The 63-year-old co-owner of Bookends stores in Carlisle and Keswick and secondhand bookshop Bookcase in Carlisle, was responding to the latest statistics comparing sales of e-books and printed books.
Official figures reveal that consumer e-book sales rose by 366 per cent in 2011, while the printed version saw an overall decline of just seven per cent.
This shows the majority of consumers still prefer the physical book, despite forecasters predicting that the electronic version would spell its demise.
Mr Matthews said: “The possibility of downloading books on the internet has been around for some time. They’ve been there, slowly encroaching for years.
“I think the e-book will end up taking 20 to 25 per cent of the book market, but it’s a constantly changing environment.”
He admitted sales had fluctuated but attributed that more to the economic climate than to the rise of the e-book.
“During an economic downturn our new bookshop sales go down a little,” he explained. “But, because people are tending to have holidays in Britain more our sales in our Keswick shop tend to go up.”
In fact, it is the internet rather than e-readers that have particularly affected bookshops.
Mr Matthews said sales of dictionaries and thesauruses are almost non-existent in his shops as everyone goes online, but blamed the ‘amazonification’ of the book market as the real problem.
“Amazon has such a hard-nosed business strategy in the way they are marketing the Kindle and books, both to the publishers and the general public,” he claimed.
“In terms of internet sales, it has an incredible percentage of them and it has reached a stage where no one can compete with them.”
The dramatic rise in e-book sales can be largely explained by the fact there is more choice now and more people are buying Kindles and e-readers.

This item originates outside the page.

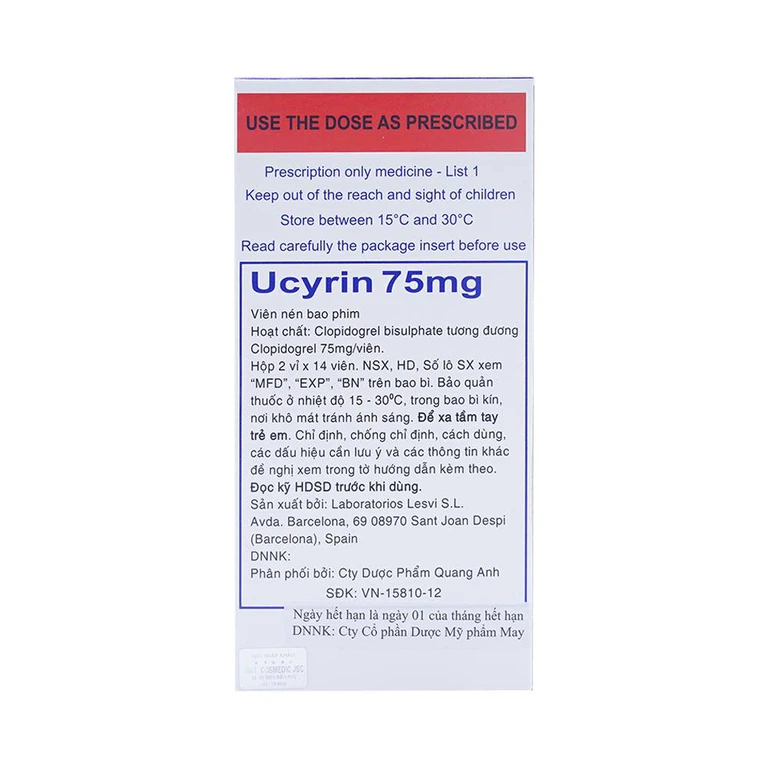 Thuốc Ucyrin 75mg Lesvi giảm những biến cố xơ vữa động mạch (2 vỉ x 14 viên)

However, the figures also show that those people buying e-books are also still buying printed books.
This is a contrast to other forms of media, such as the CD, which have been dramatically affected by the electronic ways of buying music.
Robert Hawthorn, 52, from Dumfries, has been assistant manager at Waterstones in Carlisle since it opened almost 15 years ago.

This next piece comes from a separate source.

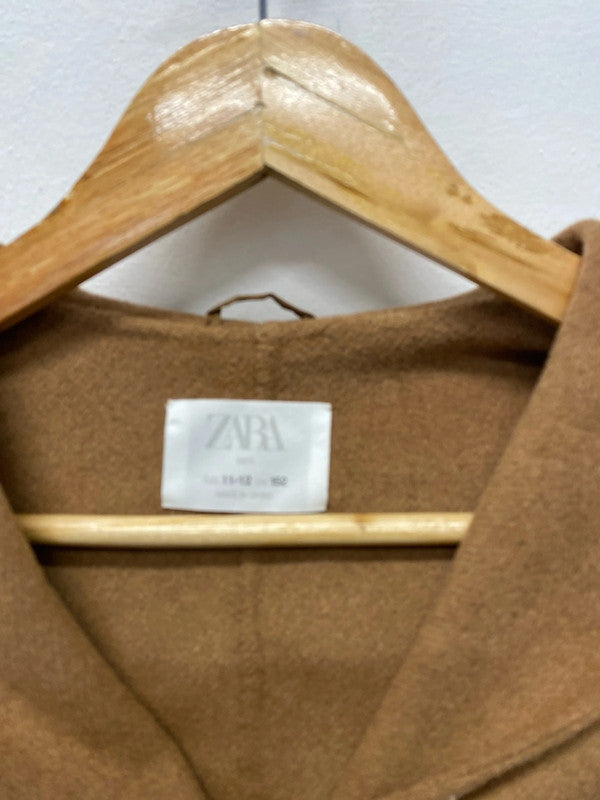 Fabulous Brown hooded wrap coat Age11-12 wool blend JB001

He believes it is because there is something very special about a printed book.
“A book is tangible,” he enthused. “You can drop it in the bath – you can’t do that with an e-book.
“There’s a strong loyal following of people who just like to have something in their hand, to open it up and smell it.”

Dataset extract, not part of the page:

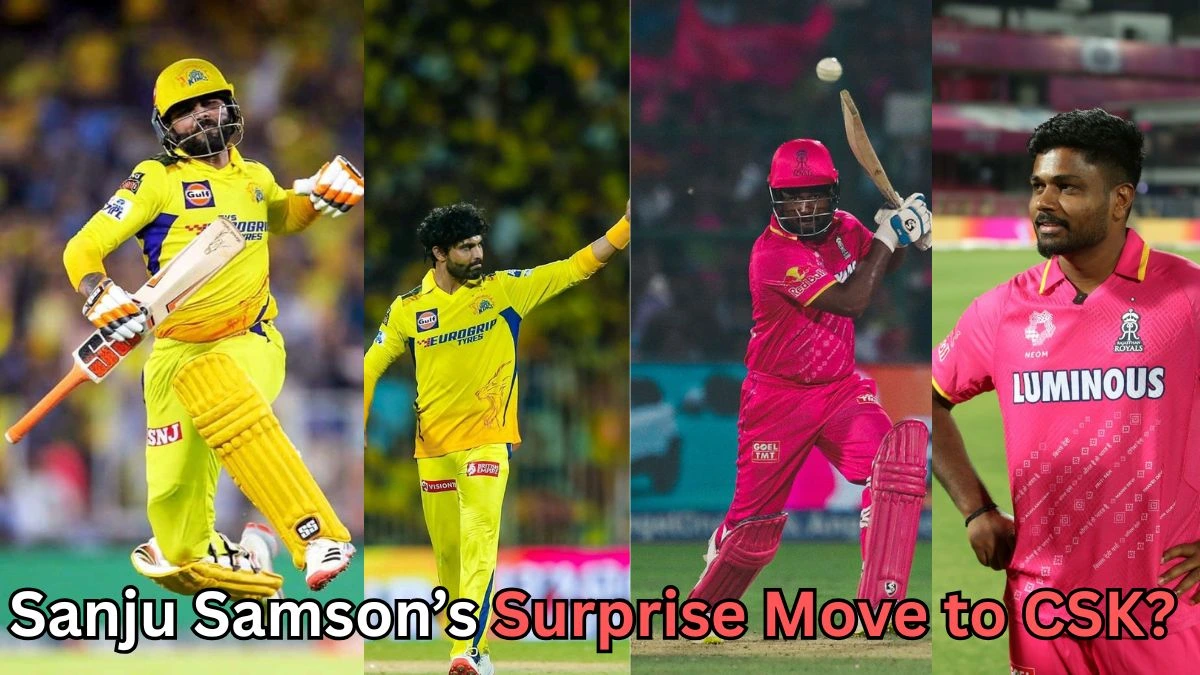 Collage featuring Chennai Super Kings and Rajasthan Royals IPL players. The first two images show CSK players in yellow jerseys celebrating and playing shots. The next two images show Rajasthan Royals players in pink jerseys batting and standing on the field. Text at the bottom reads 'Sanju Samson’s Surprise Move to CSK?' suggesting speculation about a player transfer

He added: “An e-reader takes time to warm up; you can just open a book.”
Mr Hawthorn believes the market is growing though, to encompass the old and the new.
“A lot of our customers have both an e-reader and buy books; it’s not a ‘them and us’,” he insisted.
“It’s all about accessibility. I think it may well be people who have always had a reluctance to come into a bookshop and I think it’s that section of the population who find them a bit intimidating who will buy e-books.
“I believe e-readers also tend to be used more for fiction, when going on holiday, and therefore sales of academic or reference books have been unaffected.”
As more people try their hand at writing a book or a novel, there has been a marked increase in the number of different types of books published. Inspired authors are self-publishing or having their work published by smaller print houses.
Mr Matthews said it is this variety that is not always available in an e-book.
“If you look over 20 or 30 years we’ve got a constant increase in people being educated to a university degree standard and reading more.
“People’s interests are also getting more and more detailed. That is really noticeable and books cater for individual interests more than anything else around.”
And so, despite being in the centre of a continually advancing technological age, Mr Matthews believes there will always be a place for the printed book on the shelves – and in the hearts – of people of all ages.
He added: “There are so many occasions you wouldn’t dream of using a Kindle, and you can pore over the detail in a book.”
For now at least, the traditional bedtime story is safe.